SUMMARY
Ambrose Madison was a merchant and planter. The grandfather of President James Madison, he was murdered by three enslaved people shortly after moving to the estate that would become Montpelier. Born in King and Queen County, he acquired land and dealt in large sums of money from a young age. His father-in-law, a surveyor, had long been interested in the Piedmont region of Virginia and acquired land in the part of Spotsylvania County that later became Orange County. In 1723 he gave 4,675 acres to his two sons-in-law, including Madison, who sent a team of mostly enslaved people west to clear the land and plant tobacco. In the spring of 1732 Madison and his family moved to the estate, which he called Mount Pleasant. A few months later, however, he fell ill and died. Three enslaved people were convicted of poisoning him and one was executed.

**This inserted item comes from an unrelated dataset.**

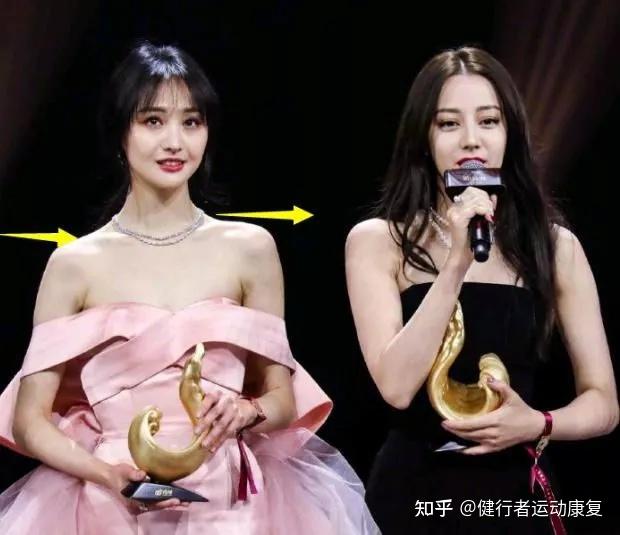 很多经常被夸体态好的明星也有高低肩的问题会觉得体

The NCAA Volleyball Tournament Begins Today!
offtackleempire.com - get the latest breaking news, showbiz & celebrity photos, sport news & rumours, viral videos and top stories from offtackleempire.com Daily Mail and Mail on Sunday newspapers.
Huskers Gear Up for NCAA Tourney in Omaha
newschannelnebraska.com - get the latest breaking news, showbiz & celebrity photos, sport news & rumours, viral videos and top stories from newschannelnebraska.com Daily Mail and Mail on Sunday newspapers.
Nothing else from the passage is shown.